▶ _Exercise aim_
Required from the data below: the exact lines starting at the line containing "16М30Ф3 токарный станок с ЧПУ" and ending at the line containing "HITEC City House", with both ends kept and all pictures dropped.

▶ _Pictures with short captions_
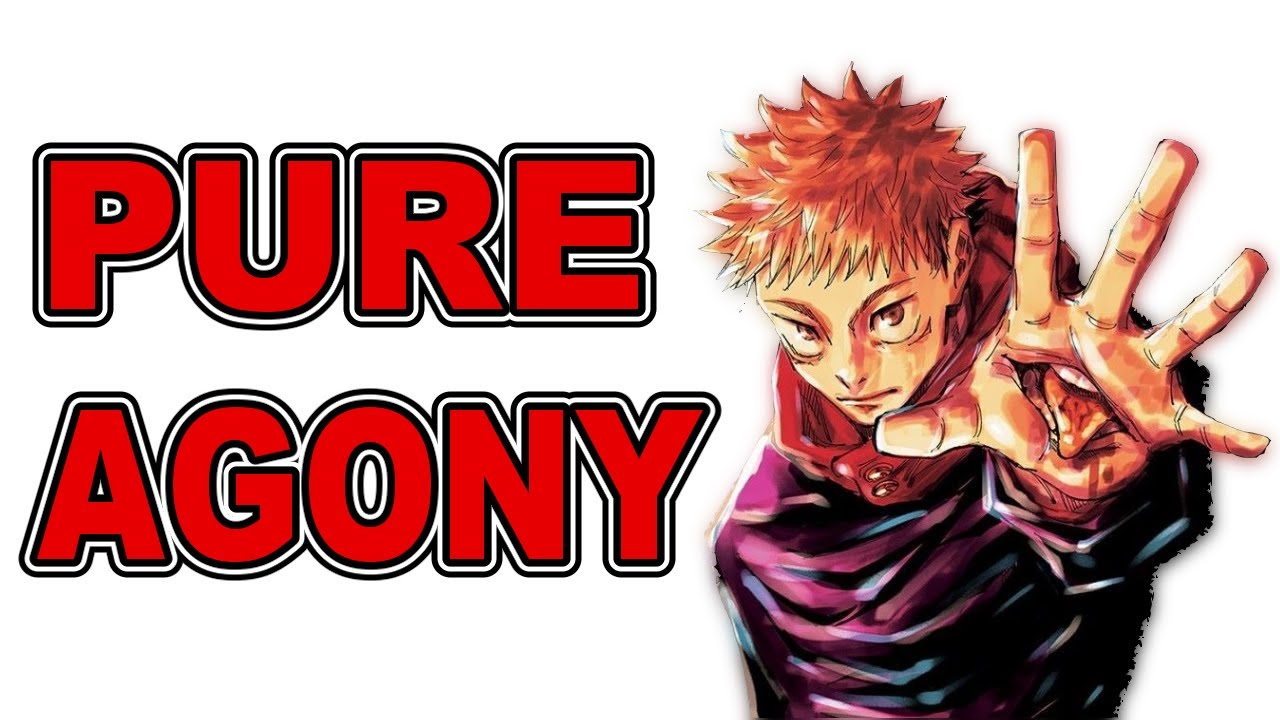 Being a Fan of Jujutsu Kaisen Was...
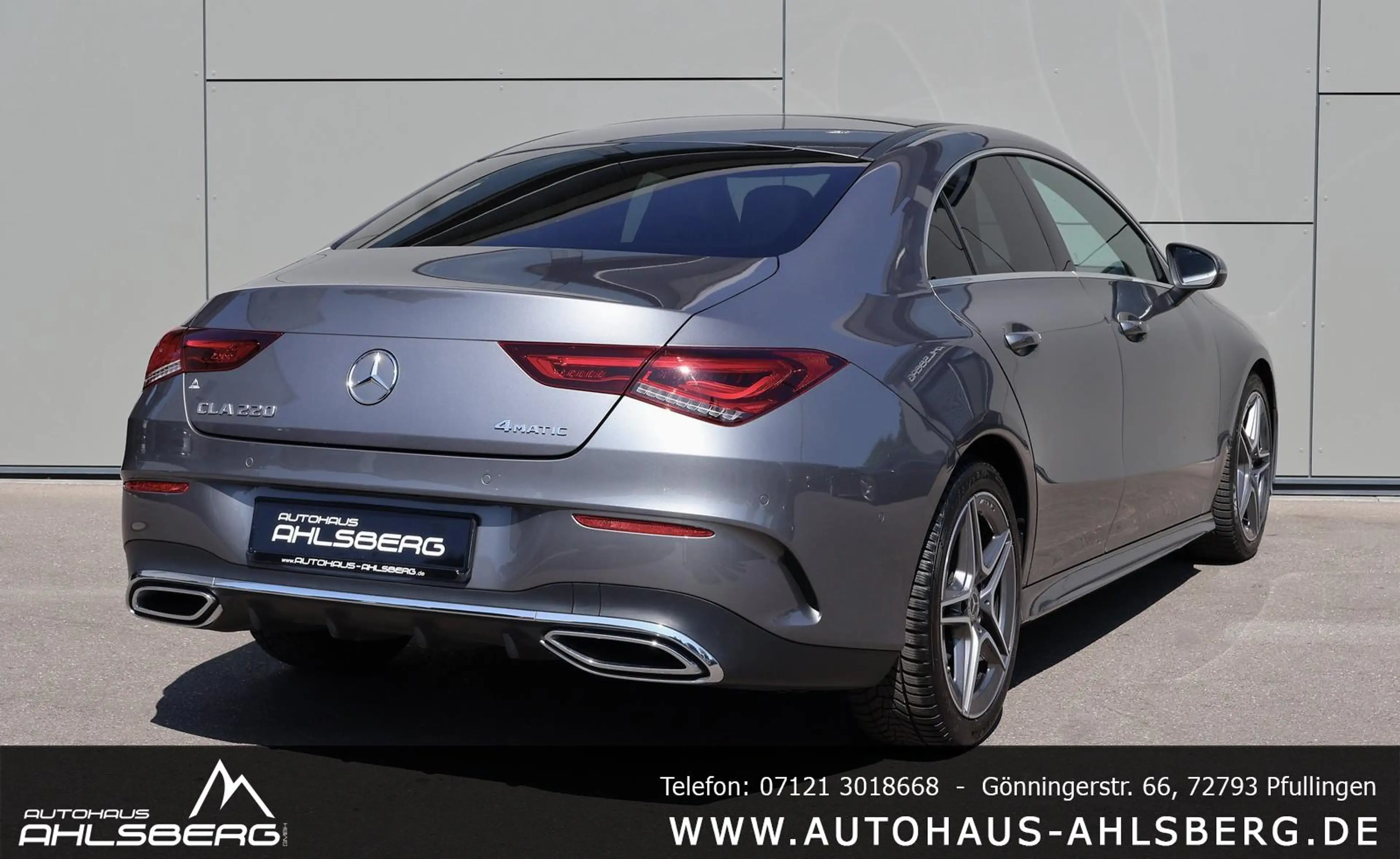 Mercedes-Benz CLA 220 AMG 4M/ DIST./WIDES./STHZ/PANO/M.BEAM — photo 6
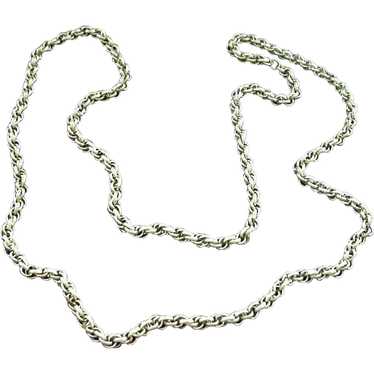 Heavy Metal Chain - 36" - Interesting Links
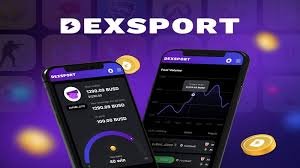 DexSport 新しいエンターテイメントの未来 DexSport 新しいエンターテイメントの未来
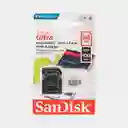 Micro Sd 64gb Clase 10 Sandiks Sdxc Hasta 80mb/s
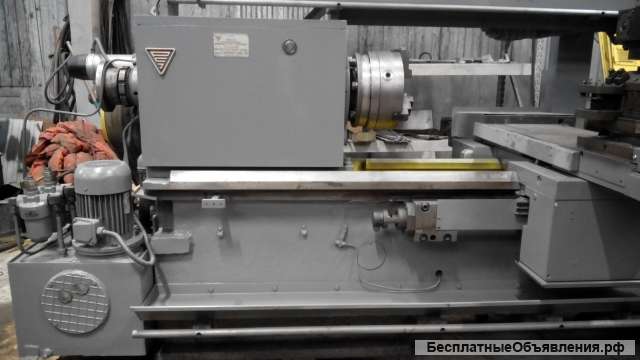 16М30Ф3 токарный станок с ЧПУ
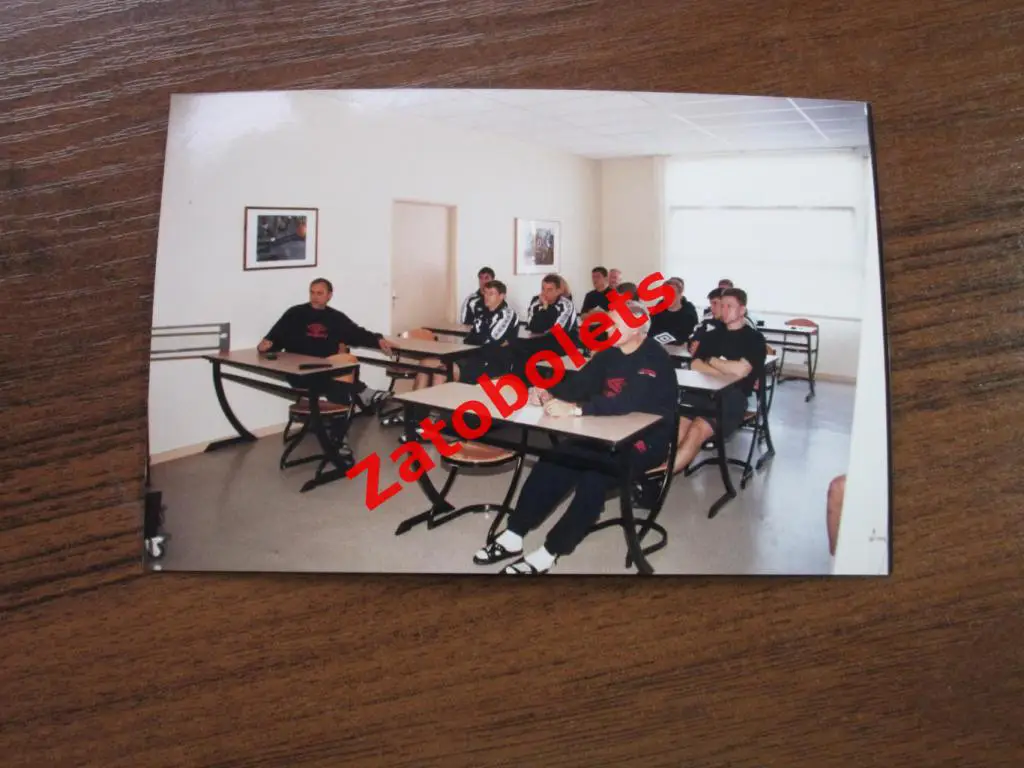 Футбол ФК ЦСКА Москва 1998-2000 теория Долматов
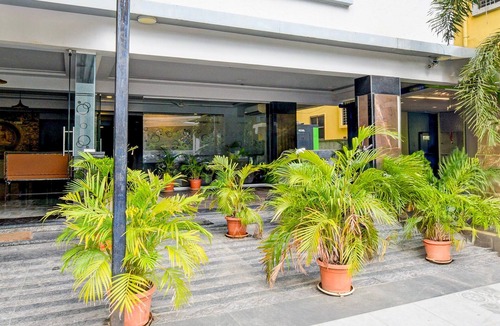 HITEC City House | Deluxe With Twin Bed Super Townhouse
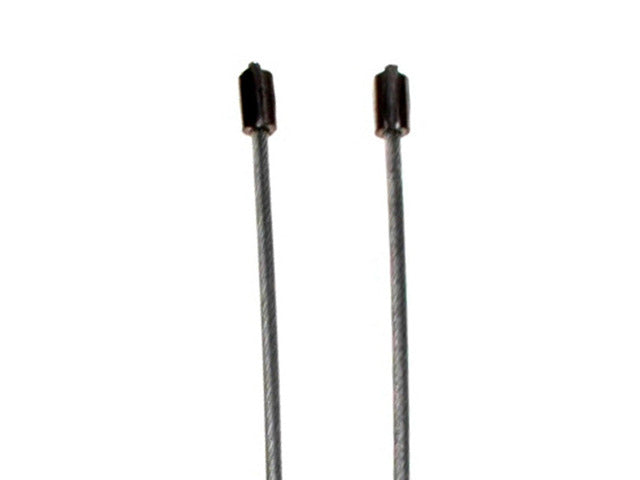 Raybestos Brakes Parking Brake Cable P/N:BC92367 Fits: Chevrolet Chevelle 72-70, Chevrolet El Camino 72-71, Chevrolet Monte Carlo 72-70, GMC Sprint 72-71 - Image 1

▶ _Written answer_
 16М30Ф3 токарный станок с ЧПУ
 Футбол ФК ЦСКА Москва 1998-2000 теория Долматов
 HITEC City House | Deluxe With Twin Bed Super Townhouse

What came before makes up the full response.